(Brief descriptive captions)

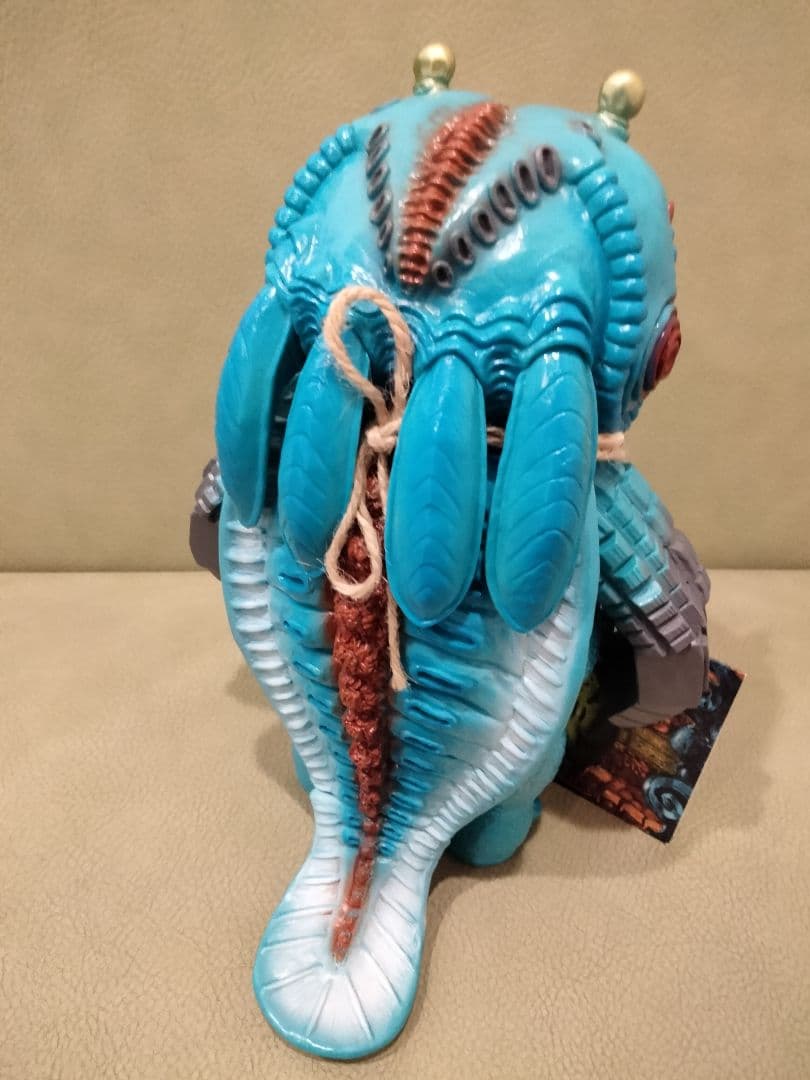 ソフビ　monstock　フロッゲン　ブルー　izumonster ブルマァク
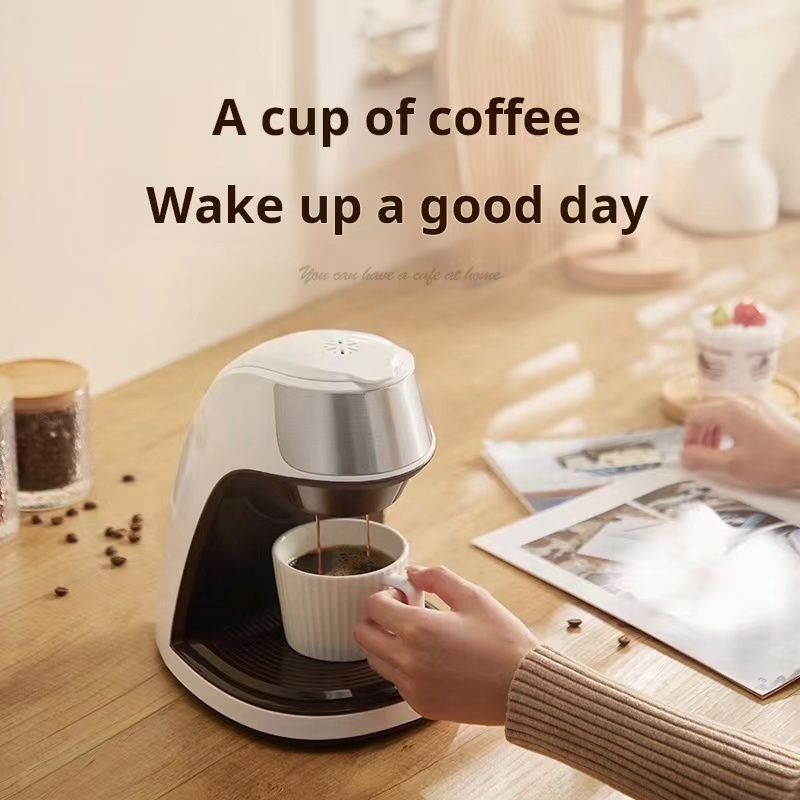 Home Coffee Maker Mini portable electric semi-automatic drip coffee maker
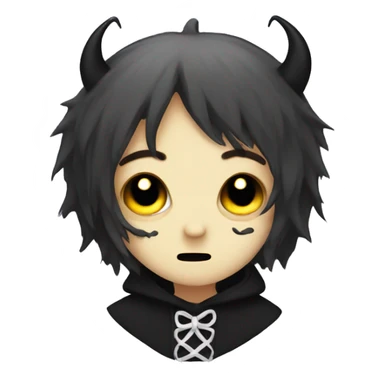 Kawaii emo demon sticker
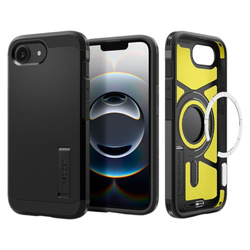 Spigen Tough Armor Mag MagSafe - Etui do iPhone 16e (Czarny) (ACS09137)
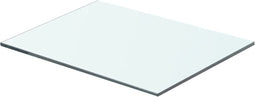 vidaXL - Wandschap - transparant - 40x25 - cm - glas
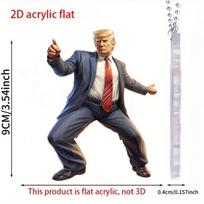 Naujas animacinis mielas Trumpo pakabukas Akrilinis plokščias automobilio pakabukas Kuprinės ornamentas style 1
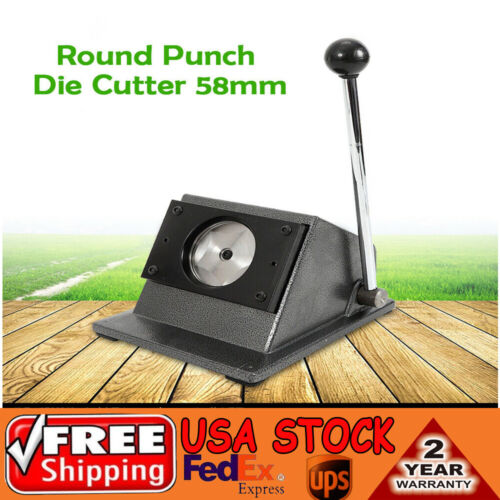 Round Punch Die Cutter Graphic Paper Badge Circle Card Cutting Machine 70mm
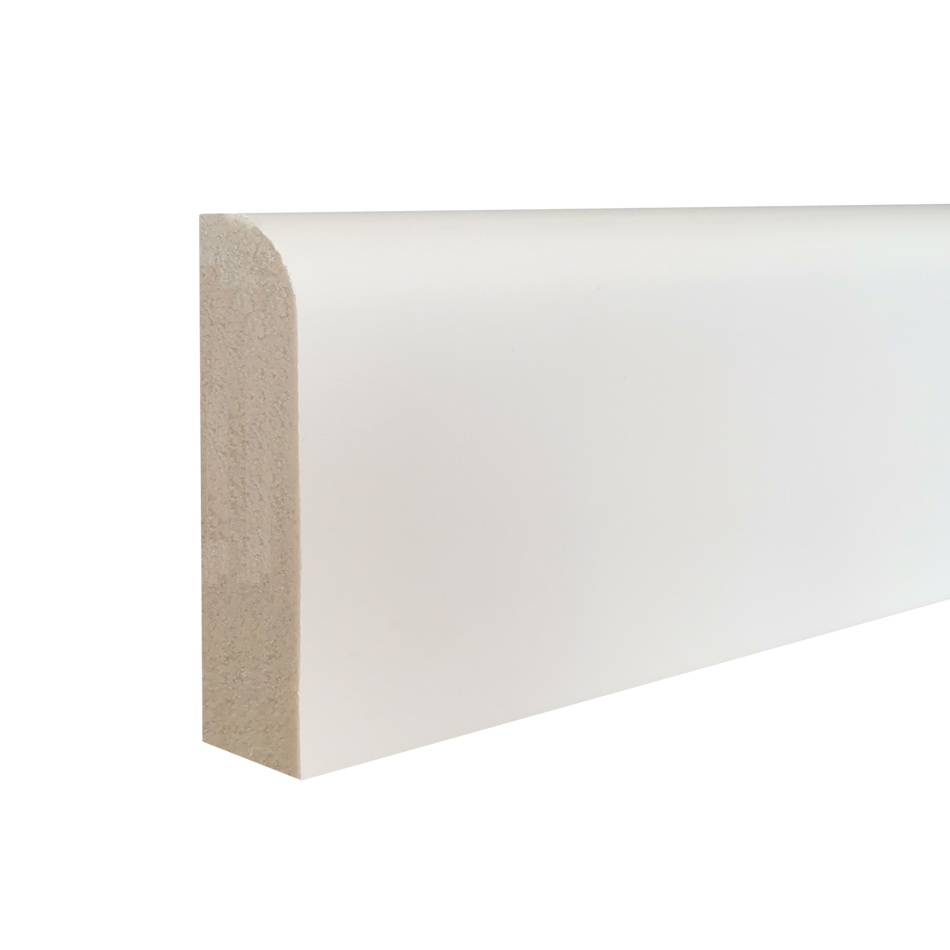 Waterproof White Color Polymer Skirting Board for Flooring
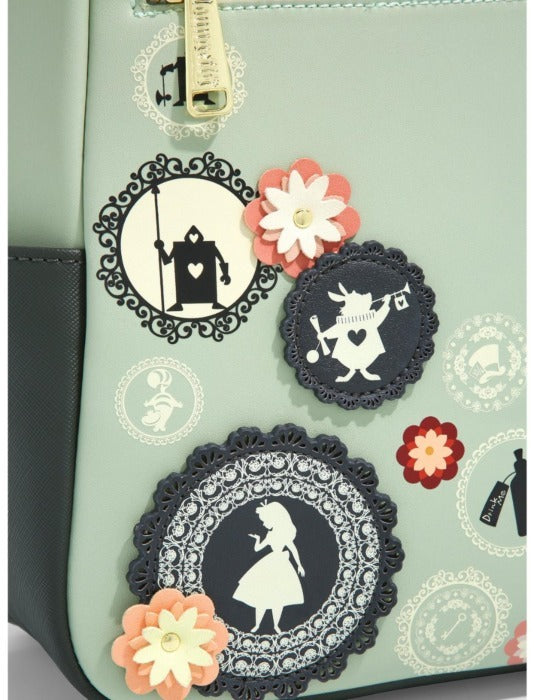 Loungefly Disney Alice In Wonderland - Doily Portraits US Exclusive Mini Backpack
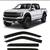 2015-2025 Tape-On Rain Guards for Ford F150 SuperCrew Side Window Deflector Viso 1 thumbnail
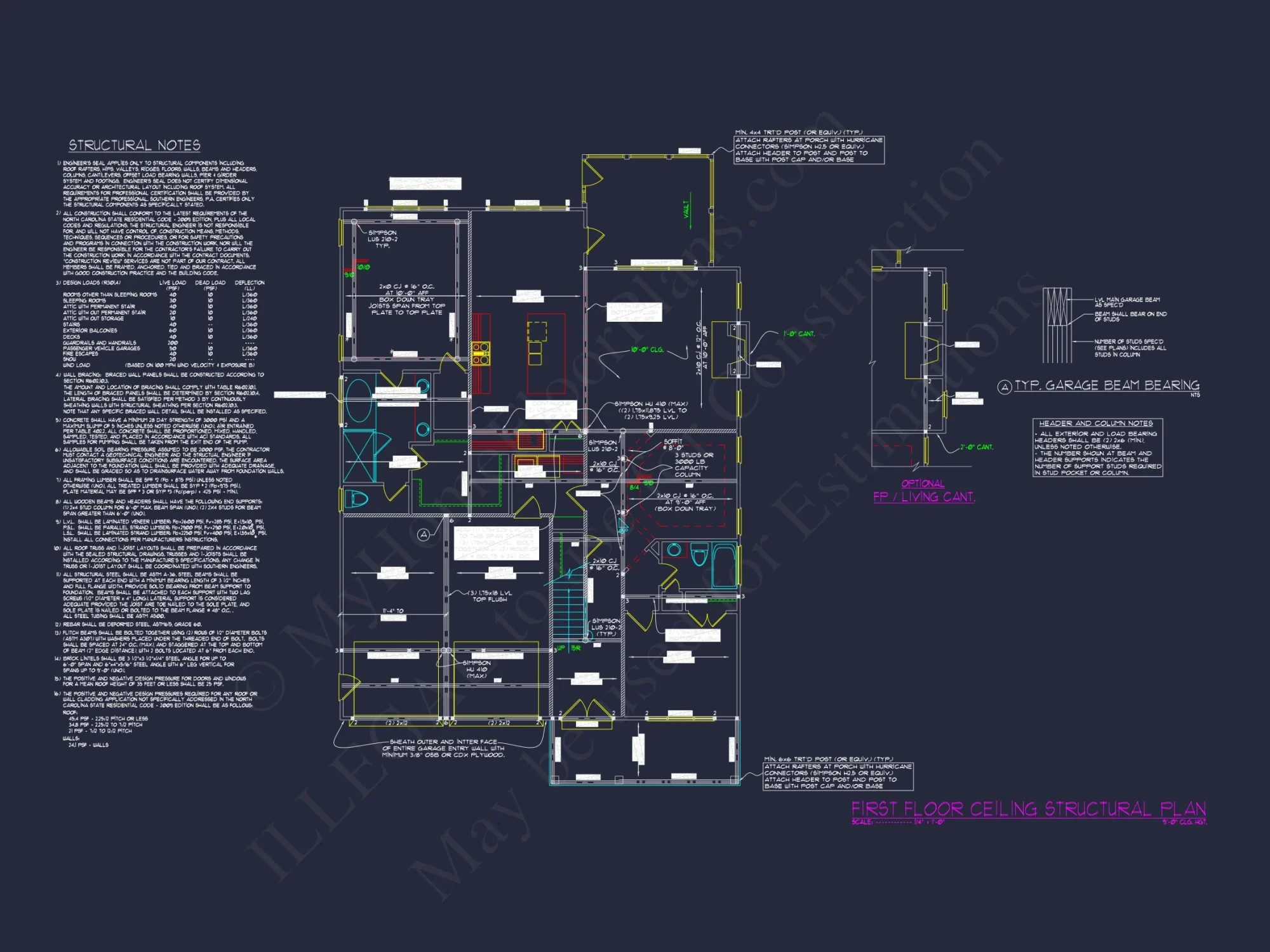 Spacious Craftsman house Plan: Detailed Floor Plan & Designs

## [WORK INSTRUCTIONS]
Every line from the one containing "Spigen Tough Armor" through the end of the records is to be returned exactly, and those lines alone; pictures are dropped.

## [RESPONSE AREA]
 Spigen Tough Armor Mag MagSafe - Etui do iPhone 16e (Czarny) (ACS09137)
 vidaXL - Wandschap - transparant - 40x25 - cm - glas
 Naujas animacinis mielas Trumpo pakabukas Akrilinis plokščias automobilio pakabukas Kuprinės ornamentas style 1
 Round Punch Die Cutter Graphic Paper Badge Circle Card Cutting Machine 70mm
 Waterproof White Color Polymer Skirting Board for Flooring
 Loungefly Disney Alice In Wonderland - Doily Portraits US Exclusive Mini Backpack
 2015-2025 Tape-On Rain Guards for Ford F150 SuperCrew Side Window Deflector Viso 1 thumbnail
 Spacious Craftsman house Plan: Detailed Floor Plan & Designs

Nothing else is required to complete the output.